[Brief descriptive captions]
--- START ---

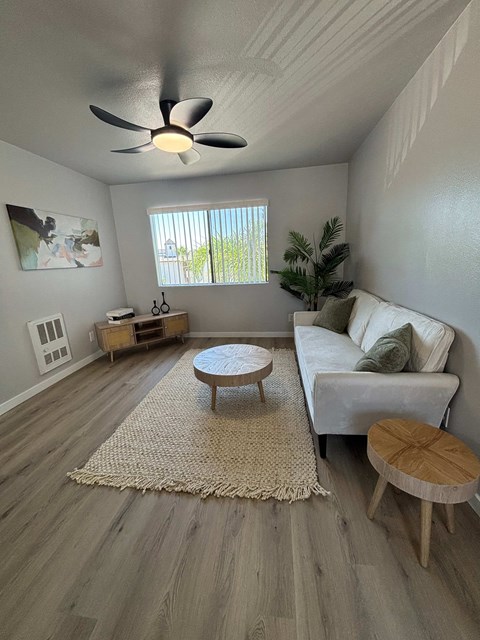 A living room with a white couch, a wooden coffee table, and a ceiling fan.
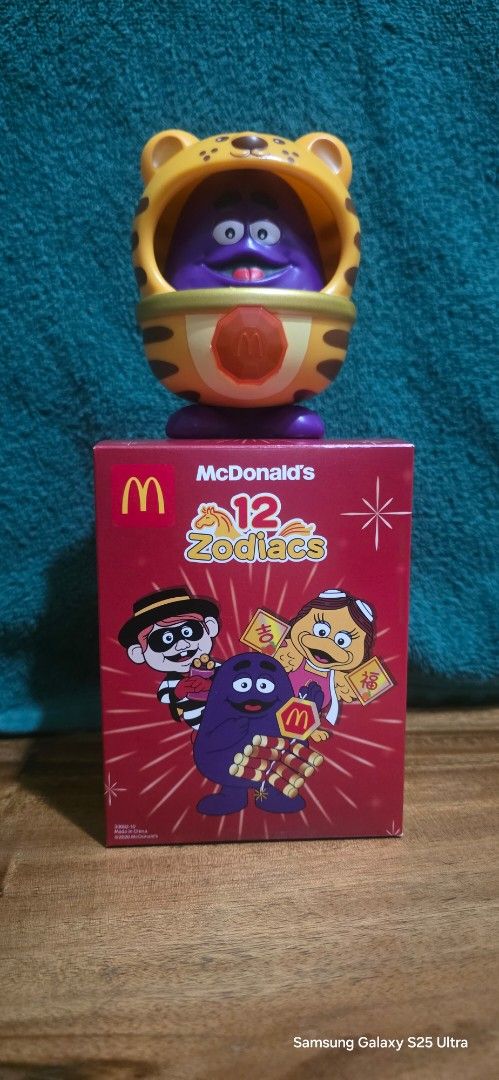 McDonald's Zodiac Toy "TIGER" (Category: Character Goods) located in Calamba. Submitted by decantanddeclutter (Listing ID 1438503832, Image 1). Description: BRAND NEW McDonald's Zodiac toy -Year of the Tiger - Features Grimace inside a TIGER costume - Comes with the original box .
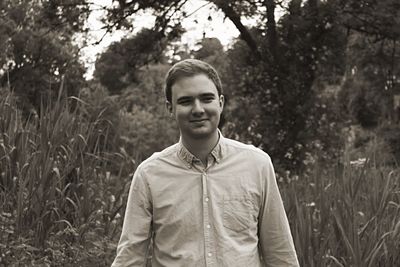 Portrait of man standing amidst plants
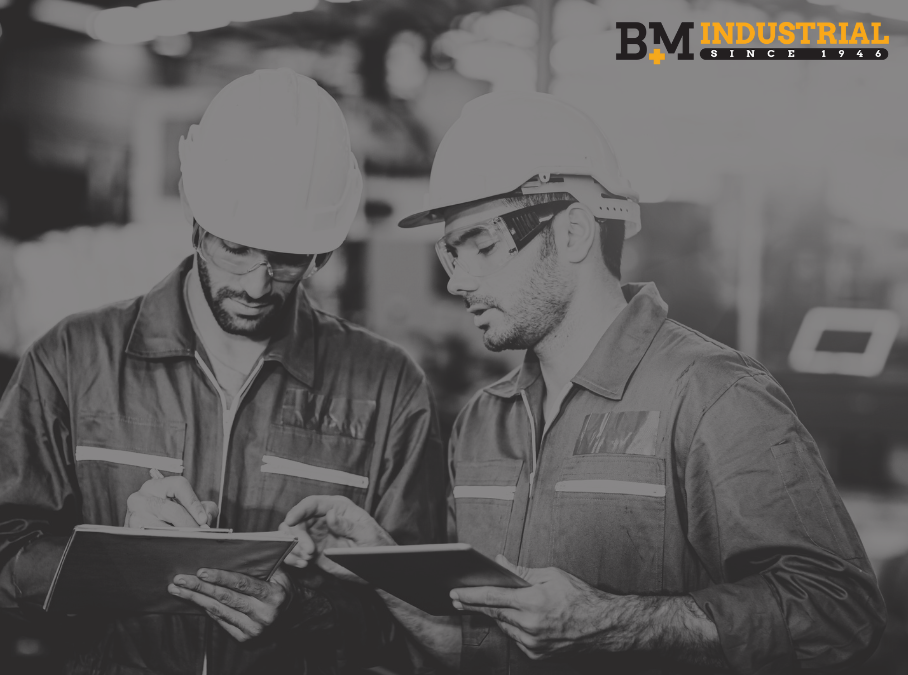 Black and white image of two industrial workers wearing hard hats and safety glasses, reviewing notes on a clipboard and tablet, with the B+M Industrial logo in the corner.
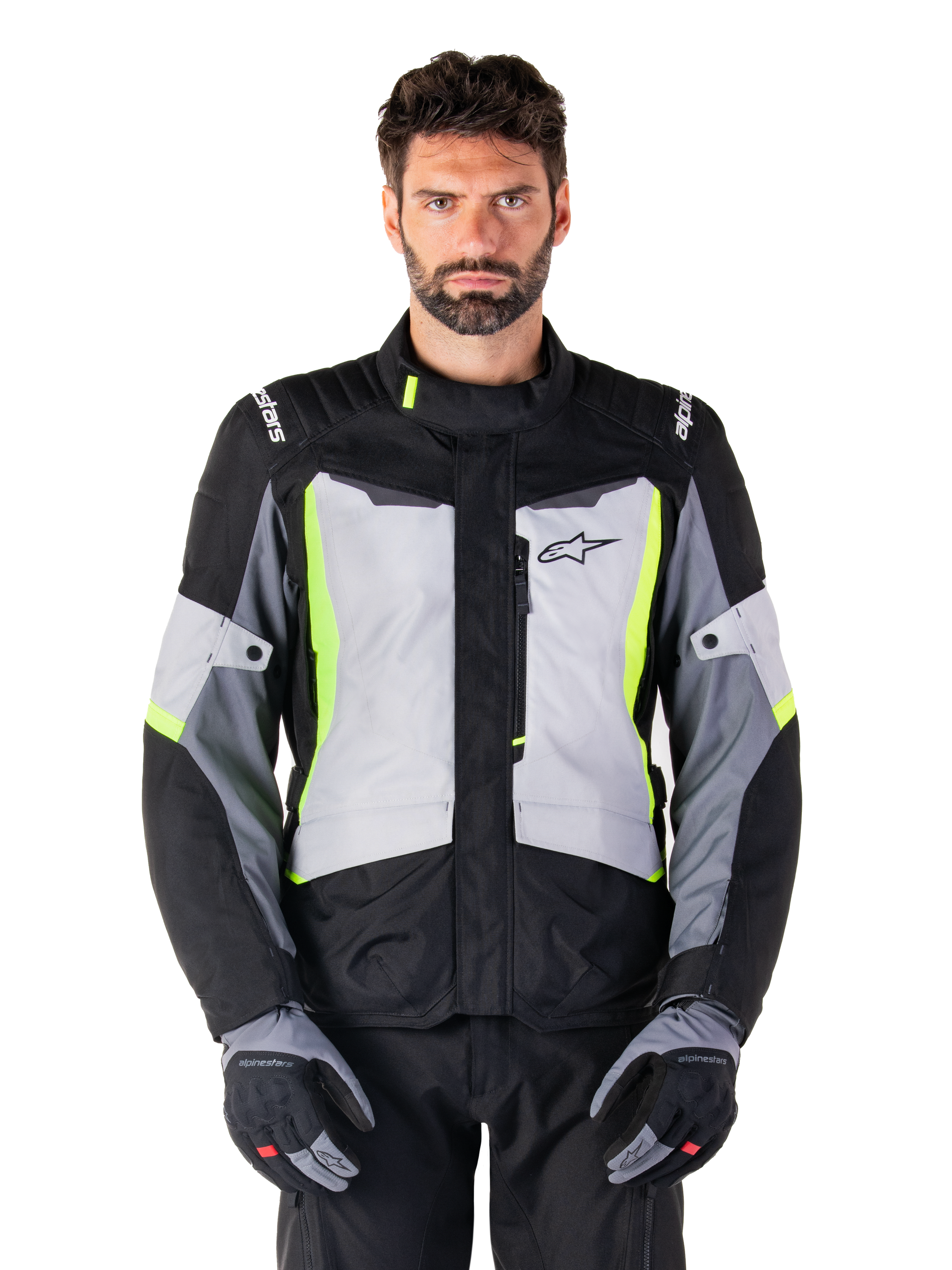 Alpinestars ST-1 Waterproof Jacke, Adventure-Touren-Motorradjacke, Ice Gray, Schwarz und Gelb Fluo, getragen von einem Mann mit passenden Handschuhen und schwarzer Hose, mit neongelben Akzenten auf der Brust und am Kragen, Alpinestars-Logo auf der Brust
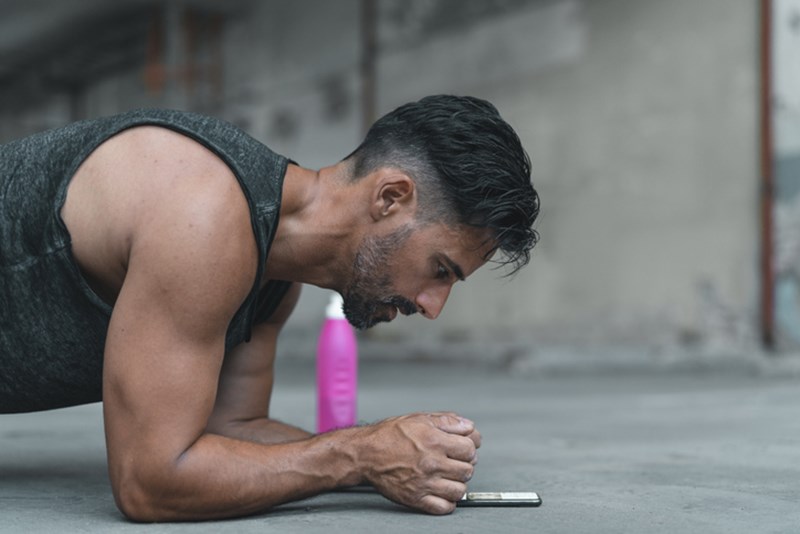 MAN EXERCISING IN PLANK POSITION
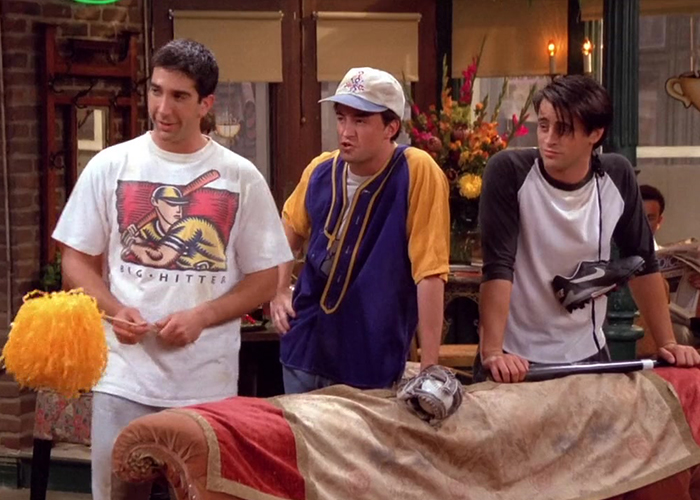 "Ross, Joey, and Chandler in softball outfits, standing in Central Perk."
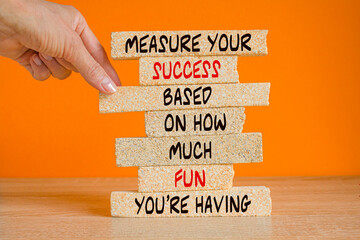 Motivational quote 'Measure your success based on how much fun you're having' on the brick blocks. Beautiful orange background, wooden table. Motivational concept.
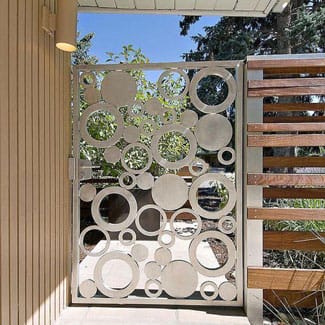 Beautiful stainless steel single leaf outdoor gate with circular patterns from top stainless steel Fabricator Singapore
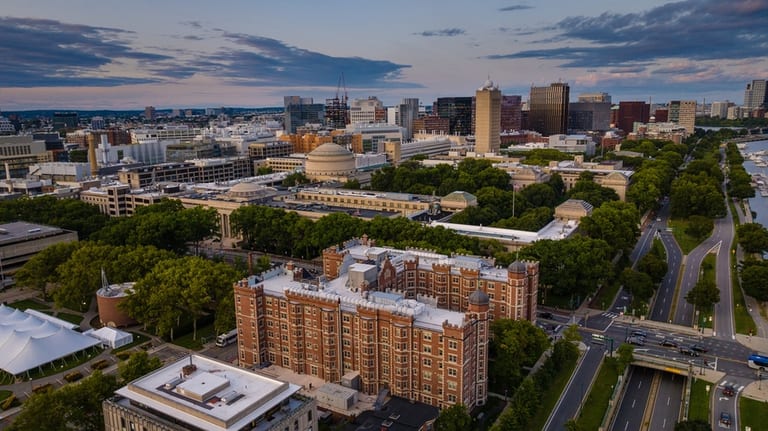 Low-altitude aerial view of MIT campus buildings and roads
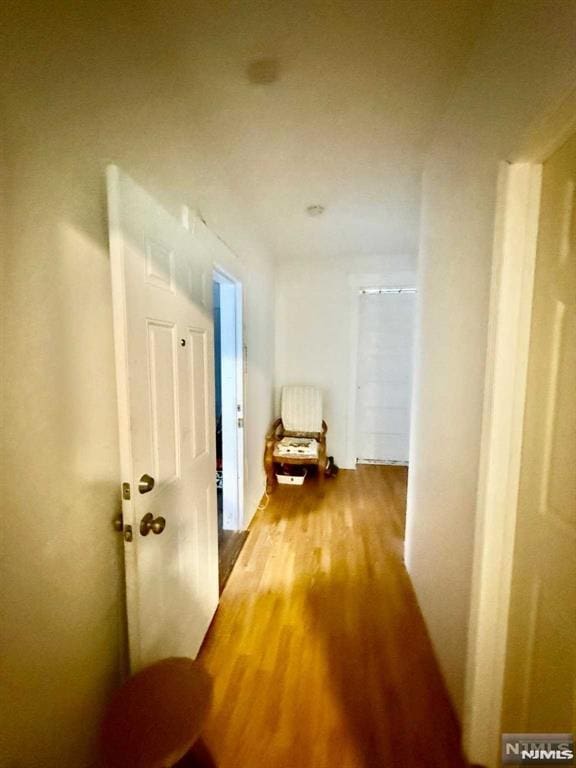 hall with wood finished floors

--- END ---

#### [What is required]
Set every entry down again word for word, but not the pictures.

#### [Exercise solution]
 A living room with a white couch, a wooden coffee table, and a ceiling fan.
 McDonald's Zodiac Toy "TIGER" (Category: Character Goods) located in Calamba. Submitted by decantanddeclutter (Listing ID 1438503832, Image 1). Description: BRAND NEW McDonald's Zodiac toy -Year of the Tiger - Features Grimace inside a TIGER costume - Comes with the original box .
 Portrait of man standing amidst plants
 Black and white image of two industrial workers wearing hard hats and safety glasses, reviewing notes on a clipboard and tablet, with the B+M Industrial logo in the corner.
 Alpinestars ST-1 Waterproof Jacke, Adventure-Touren-Motorradjacke, Ice Gray, Schwarz und Gelb Fluo, getragen von einem Mann mit passenden Handschuhen und schwarzer Hose, mit neongelben Akzenten auf der Brust und am Kragen, Alpinestars-Logo auf der Brust
 MAN EXERCISING IN PLANK POSITION
 "Ross, Joey, and Chandler in softball outfits, standing in Central Perk."
 Motivational quote 'Measure your success based on how much fun you're having' on the brick blocks. Beautiful orange background, wooden table. Motivational concept.
 Beautiful stainless steel single leaf outdoor gate with circular patterns from top stainless steel Fabricator Singapore
 Low-altitude aerial view of MIT campus buildings and roads
 hall with wood finished floors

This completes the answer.